Weighted Achievement
(80%)
  Individual
Achievement
(20%)
  Individual
Performance
Factor
 
  Timothy M. Archer   n/a (1)   n/a (1)   0.954  
  Douglas R. Bettinger   93.8%   100%   0.950  
  Patrick J. Lord   93.8%   100%   0.950  
  Vahid Vahedi   94.2%   100%   0.954  
  Seshasayee (Sesha) Varadarajan   94.2%   100%   0.954

 

(1) As is discussed above, Mr. Archer’s Individual Performance Factor was determined as the average of the Individual Performance Factors of the executive and senior vice presidents reporting directly to him.

 

Lam Research Corporation 2023 Proxy Statement  41

Calendar Year 2022 Annual Incentive Program Payout Decisions.

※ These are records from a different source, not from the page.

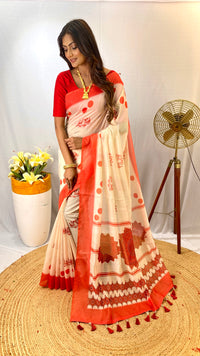 Opulent White & Red Color Chanderi Saree with Digital Printed Designs (Durga Pooja Special)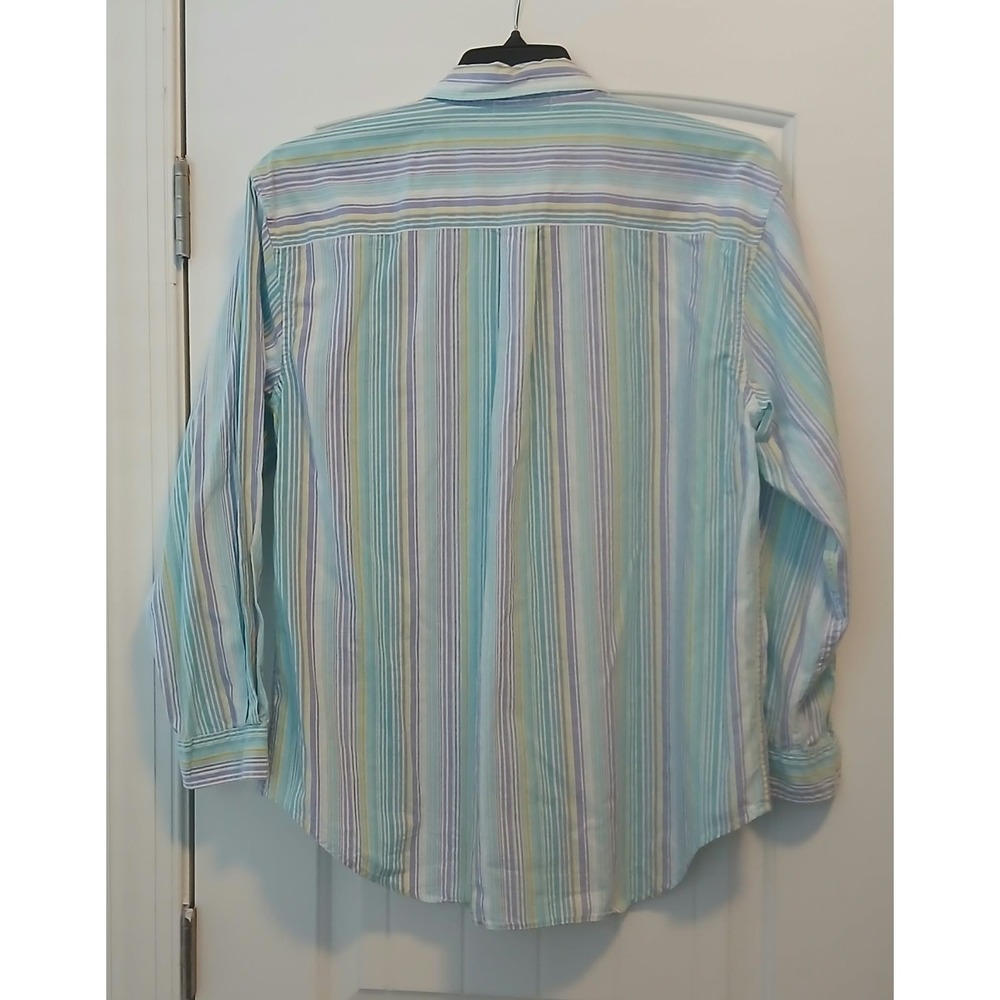 Fresh Produce Mens Large Striped Button Down Shirt Cotton Blue Purple ALSSHPS - Picture 2 of 3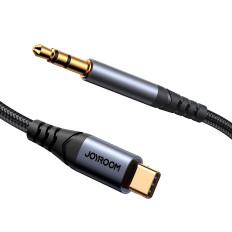 Stereo Audio kábel pre AUX 3.5mm Mini Jack - USB-C 1.2m Čierna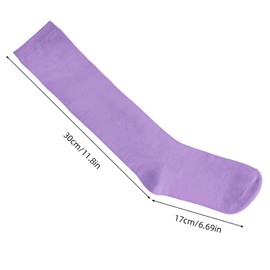 Topbuti 3 Pairs Cotton Knee High Tube Socks School Uniform Athletic Sports Baseball Soccer Socks for Girls and Boys (Light Purple)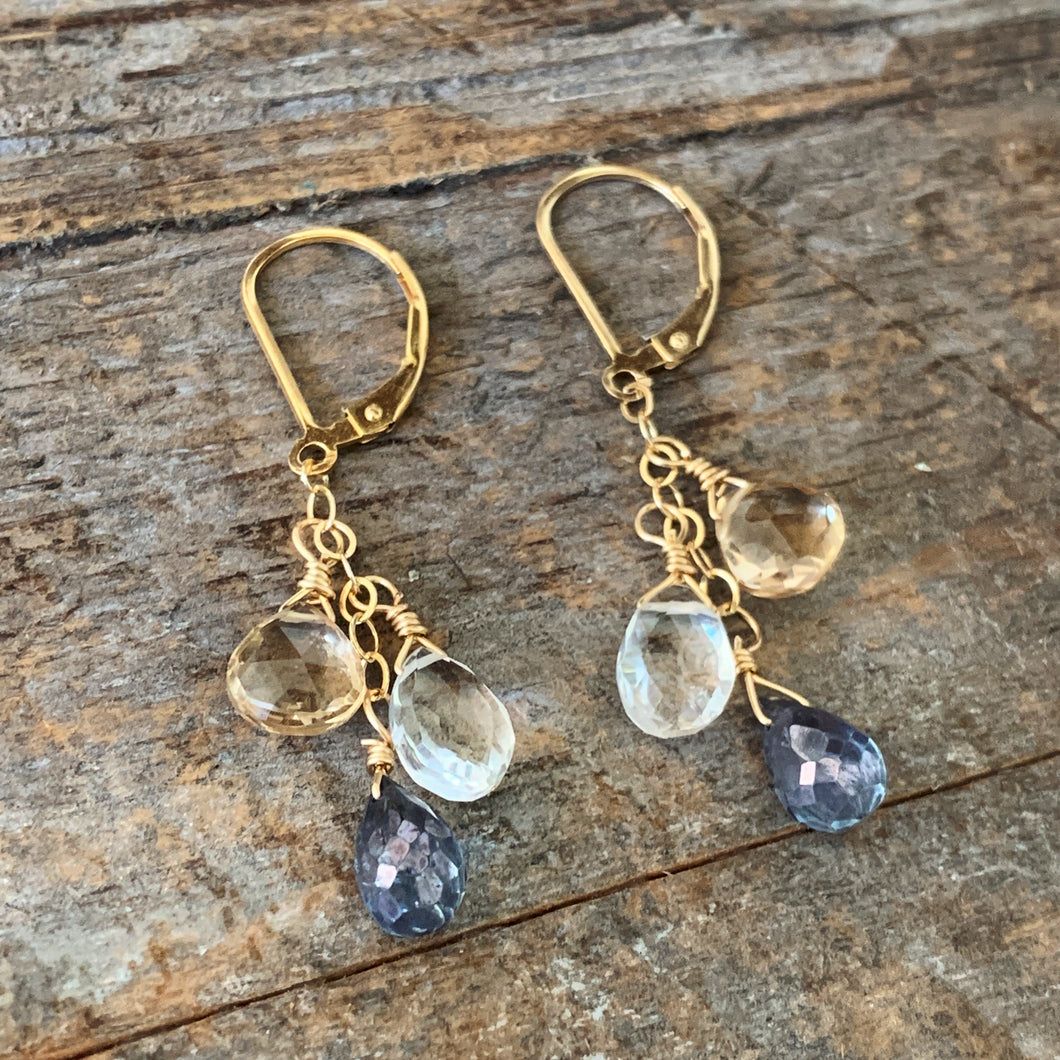 Gem Trio Earrings - Blue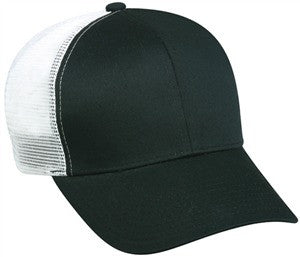 Mesh Back Structured Baseball Cap Black/White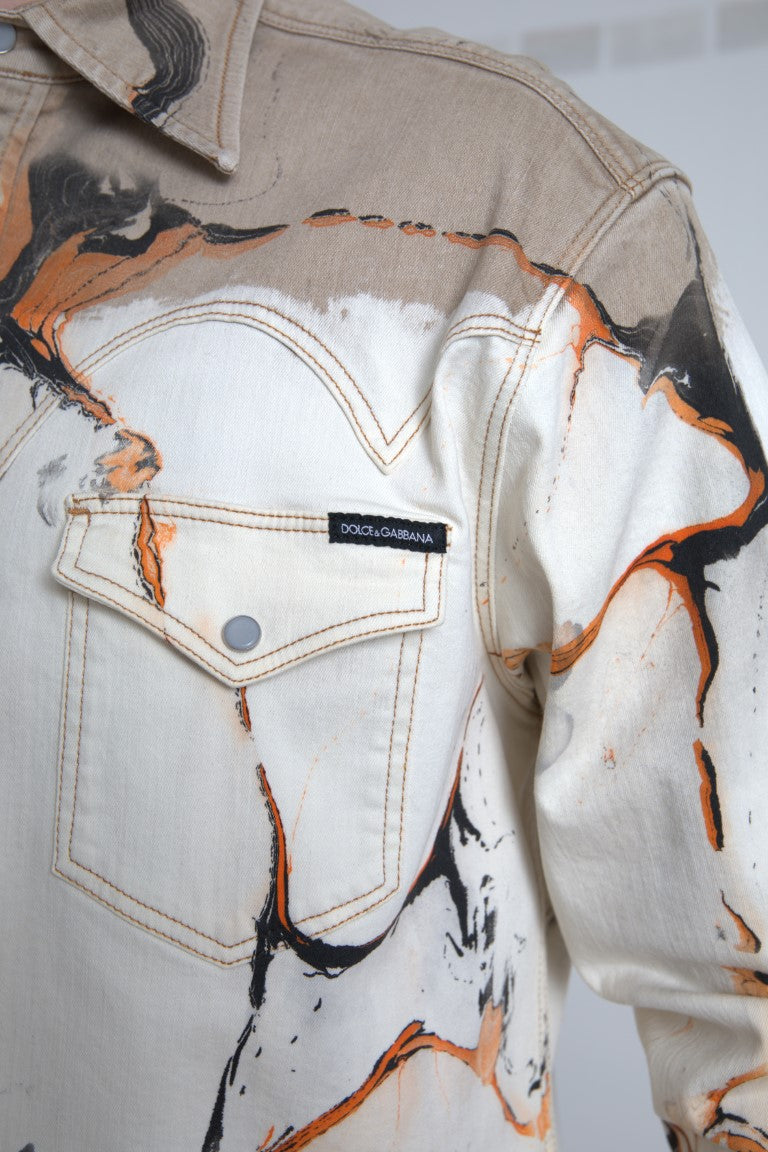 Chemise en denim Dolce & Gabbana à col en coton multicolore, style décontracté avec détails colorés.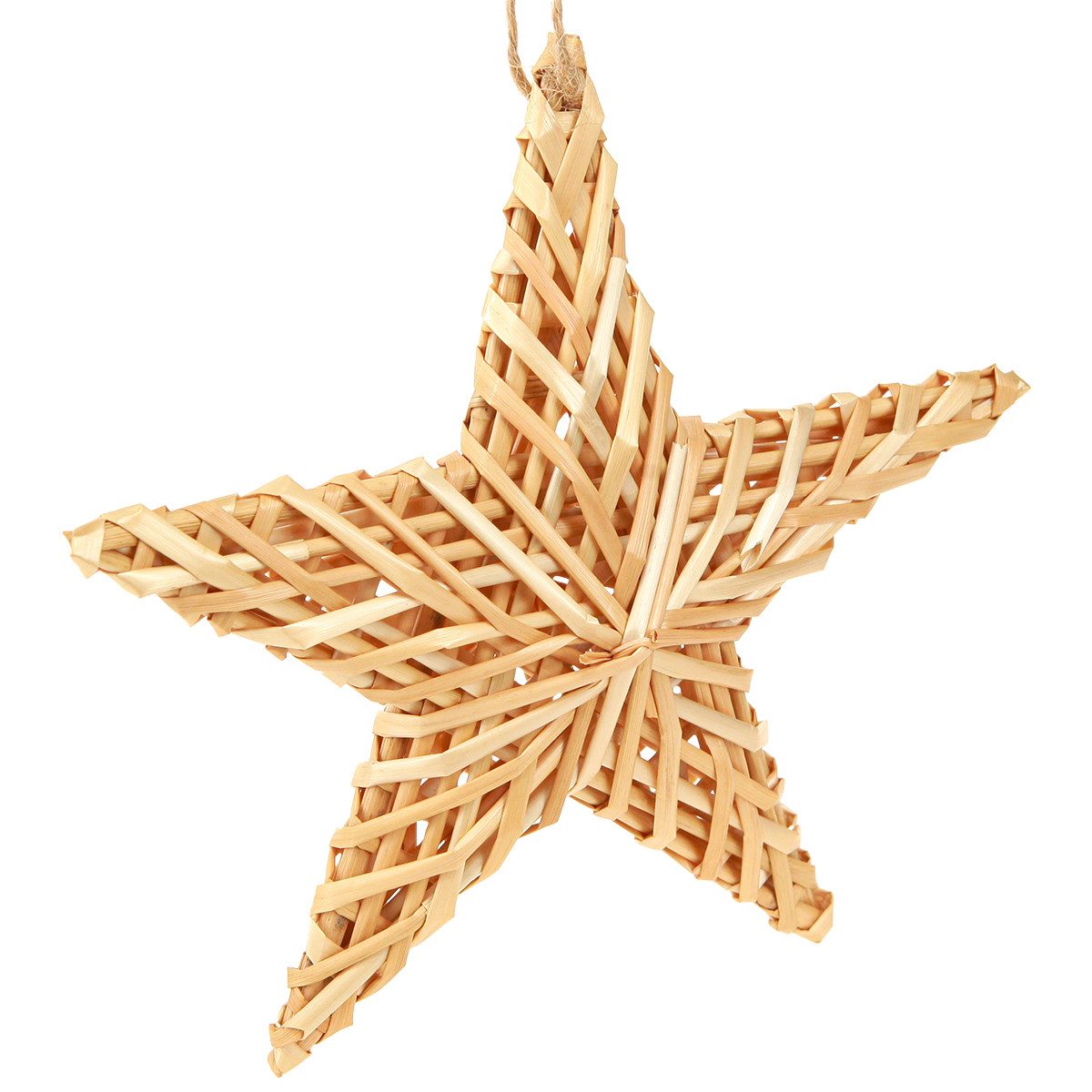 Viana Christbaumschmuck Weihnachtsdeko Rattan Sterne Hängend Rustikal Boho Design, 3 Stück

Based on the above results and decisions, for the calendar year 2022 annual incentive program, the committee approved the payouts for each NEO as shown below in Figure 41, which were less than the maximum payout available under the Funding Factor and below each NEO’s target award opportunity:

 

Figure 41. Annual Incentive Program Payouts for Calendar Year 2022

 

  Named Executive Officer   Target Award
Opportunity
($)(1)
  Maximum Payout under
Funding Factor (225.0% of
Target Award Opportunity)
($)(2)
  Individual
Performance
Factor
  Corporate
Performance
Factor
  Actual
Payouts
($)(3)
 
  Timothy M. Archer   2,300,000   5,175,000   0.954   0.970   2,212,600  
  Douglas R. Bettinger   810,750   1,824,188   0.950   0.970   778,320  
  Patrick J. Lord   635,427   1,429,711   0.950   0.970   610,010  
  Vahid Vahedi   537,151   1,208,590   0.954   0.970   516,739  
  Seshasayee (Sesha) Varadarajan   537,151   1,208,590   0.954   0.970   516,739  

(1) Calculated by multiplying each NEO’s annual base salary as of October 1, 2022 by their respective target award opportunity percentage.
(2) The Funding Factor resulted in a potential payout of up to 225.0% of target award opportunity for the calendar year (based on the actual non-GAAP operating margin results detailed under “2022 Annual Incentive Program Corporate Performance Factor” above and the specific goal described in the second paragraph under “2022 Annual Incentive Program Funding Factor and Corporate Performance Factor” above).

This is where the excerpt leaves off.